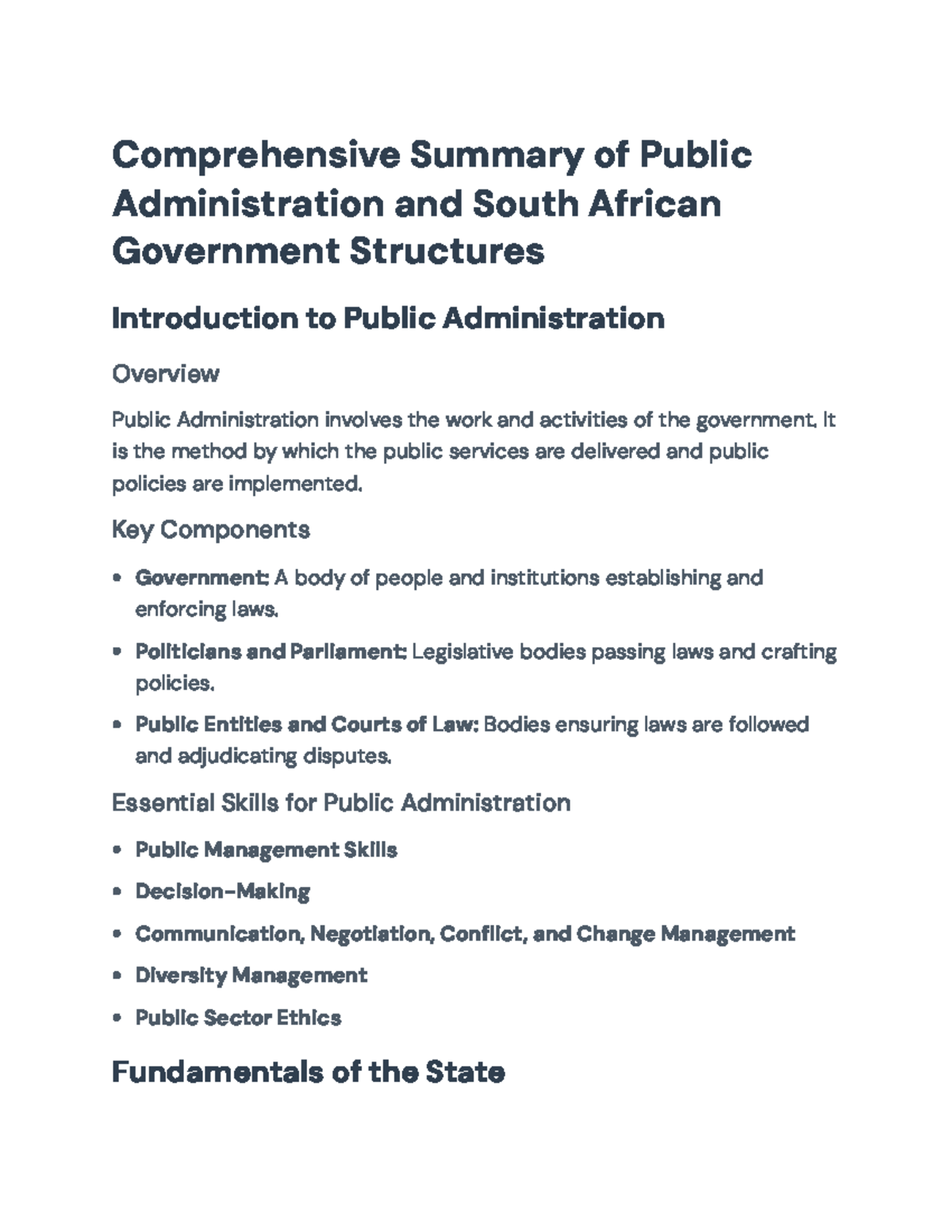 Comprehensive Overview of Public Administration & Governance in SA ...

__________________________________________________

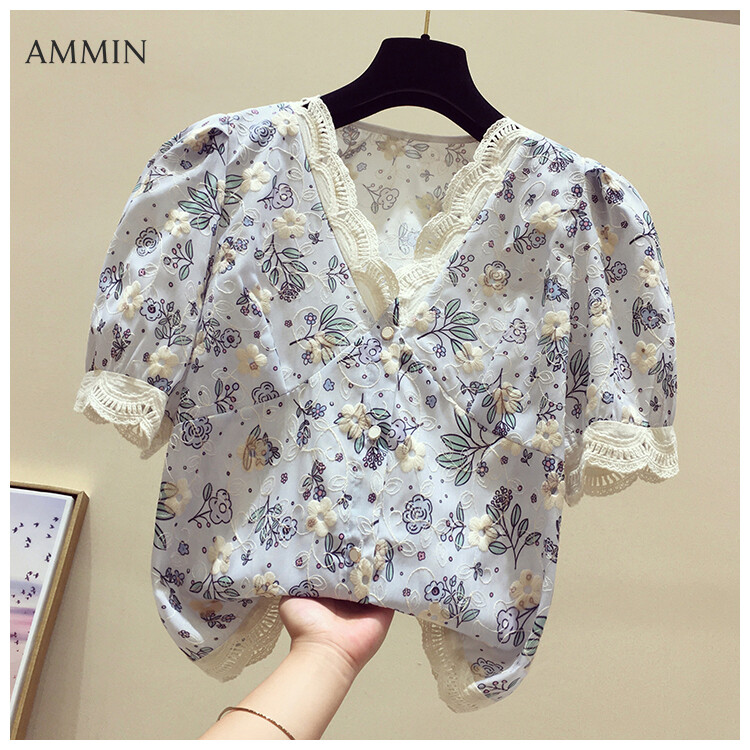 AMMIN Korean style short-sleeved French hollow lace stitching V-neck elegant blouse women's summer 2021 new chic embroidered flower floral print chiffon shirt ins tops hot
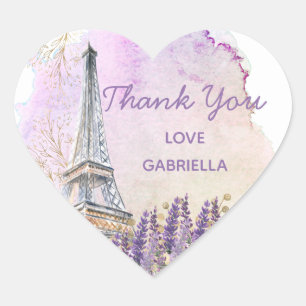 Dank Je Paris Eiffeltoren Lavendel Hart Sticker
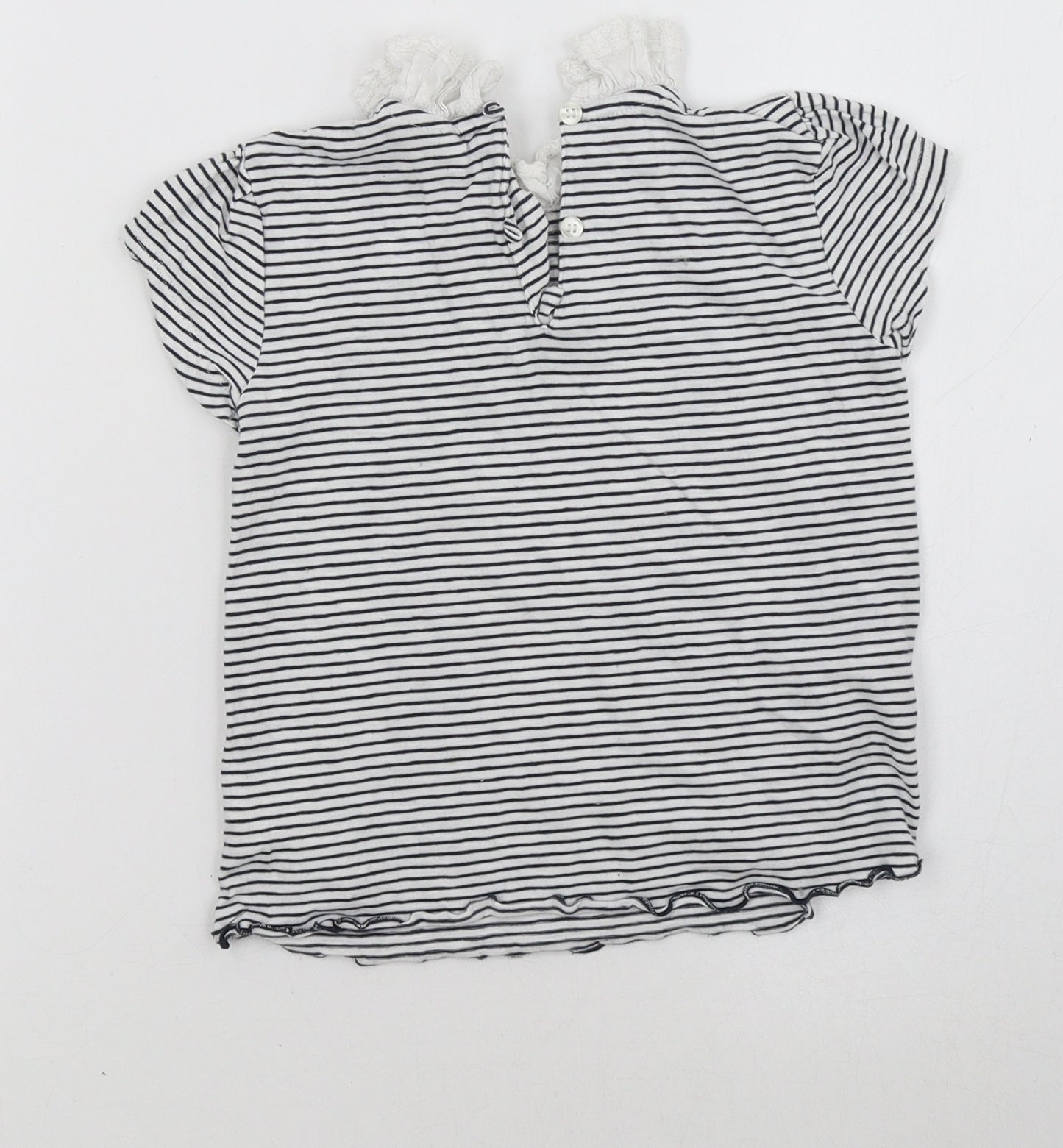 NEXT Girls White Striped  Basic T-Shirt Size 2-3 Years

__________________________________________________

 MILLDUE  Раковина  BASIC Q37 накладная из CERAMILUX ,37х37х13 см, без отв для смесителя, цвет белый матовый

__________________________________________________

→ **Exercise directions**
Above are some entries; copy exactly the lines from the line with "Dank Je Paris" through the line with "NEXT Girls White", both included, but none of the pictures.

→ **Final answer**
 Dank Je Paris Eiffeltoren Lavendel Hart Sticker
 NEXT Girls White Striped  Basic T-Shirt Size 2-3 Years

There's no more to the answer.